The replacement sea rescue mission, the EU-funded Operation Triton, receives only around a third of the funding of Mare Nostrum, costing €3mn ($3.2mn) monthly. Its primary aim is to police Europe’s borders, rather than come to the aid of sinking ships.
“This is not a humanitarian mission,” Ewa Moncure, a spokesperson for Frontex, told MEE.
She stressed that the mission had saved at least 8,000 people.
Changing times
Whereas the previous mission had a wider geographical remit and more resources with which to patrol, the current sea rescue mission largely relies on at least one passenger having a satellite phone to raise the alarm if their boat gets into trouble in international waters.
This costly piece of specialist communications equipment enables users to send a distress signal on the high seas, but is not found on all boats.
Tara Brian, a research officer at IOM, warned on Monday that there could be boats that sink in the Mediterranean “without anyone’s knowledge,” with even more migrant deaths going unaccounted for.
Rescues are carried out daily but Operation Triton actually saves just a third of people who require assistance in the choppy seas separating Libya, a primary setting-off point for migrant ships, and Italy, statistically the biggest destination.
The rest of the burden is shouldered by the Italian coastguard and commercial shipping vessels, which commonly stumble upon stricken ships in international waters, outside the legal remit of the Italian coastguard’s search and rescue mission.
The costs of Operation Triton are centrally funded by most EU member states – but what the operation needs, according to Nick Witney, a senior policy fellow at the European Council on Foreign Relations (ECFR), is equipment like helicopters and ships.
Just six out of 28 EU member states are currently contributing assets and expertise to the migrant rescue operation, despite Operation Triton listing a “spirit of EU-wide solidarity” as one of its founding principles.
The UK has attracted particular criticism, opting out of contributing to Operation Triton in October 2014, when a Foreign Office spokesperson said that the presence of a Mediterranean rescue programme was “an unintended pull factor encouraging more people to attempt the dangerous sea crossing”.
EU countries are unequally affected by the growing numbers of migrants attempting to cross into their territory.
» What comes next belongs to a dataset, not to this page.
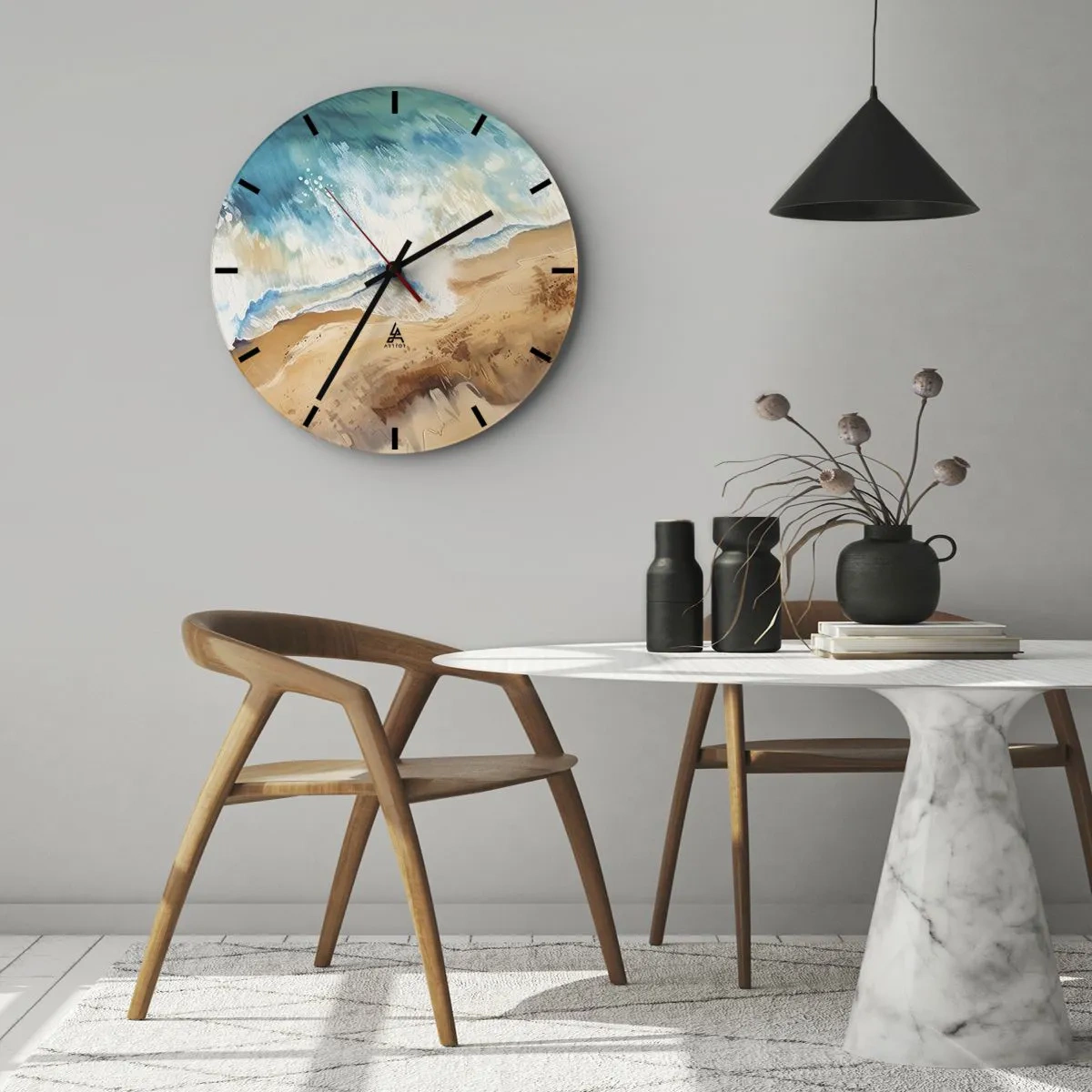 Ceas de perete - Ceas pe sticlă - O vedere de sus a unui val pictural care se izbește de nisip - 30x30cm - Unda de întoarcere - Decorațiune modernă pentru perete pentru living, bucătărie și dormitor ARTTOR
Italy and Malta, with coastal borders close to Libya, have an obligation under international law to respond to distress signals within their naval territory, up to 12 nautical miles from shore.
But Italy, in the grip of a financial crisis since the EU-wide economic downturn began in 2007 -2008, says it cannot bear the cost of an expensive search and rescue mission alone.
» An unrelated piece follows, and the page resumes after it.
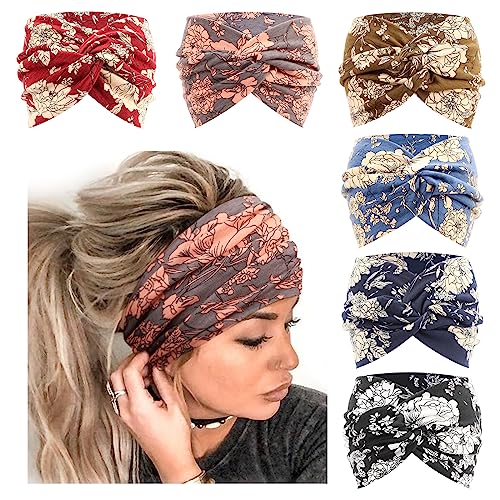 DRESHOW 6 Pack Extra Wide Headbands for Women Large Turban Headband Boho Head Wrap Elastic Hairbands Hair Twisted Knot Hair Accessories - color: 6 Pcs: Floral Color a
EU foreign ministers are now wrangling over how to balance an increasingly anti-migrant rhetoric, which politicians fear will make spending on a humanitarian mission in the Mediterranean unpopular at home, with the need to abide by international law.
“Since the Great Depression kicked in [in 2007 - 8], we’ve seen a rise of popularism and nationalism across the EU,” the ECFR's Nick Witney told MEE.
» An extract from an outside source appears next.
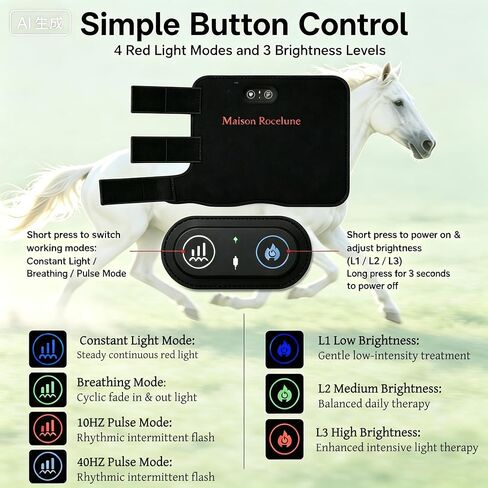 4 Modes&3 Brightness Levels Red Light Therapy Wrap for Horses Leg,Hoof Boot in Kuwait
“The prosperous EU of 10 years ago was ready to put its values at the forefront of its dealings with refugee problems. That’s no longer the case.”
Asylum policy in EU countries generally means a low number of resettlement places available for refugees and rigid family reunion rules for migrants – when taken together, Amnesty’s McGowan explained that the EU could be in breach of international law.
“There are obligations under international law around the right to access asylum, and obviously the combination of all these policies places that under question.”
“More broadly speaking, the fact that Europe is allowing people to die on its doorstep is seriously undermining its credibility as a human rights actor in the region.”
“Thousands of people have lost their lives, and this is a very dark chapter in Europe’s history. The moral imperative to act has never been higher.”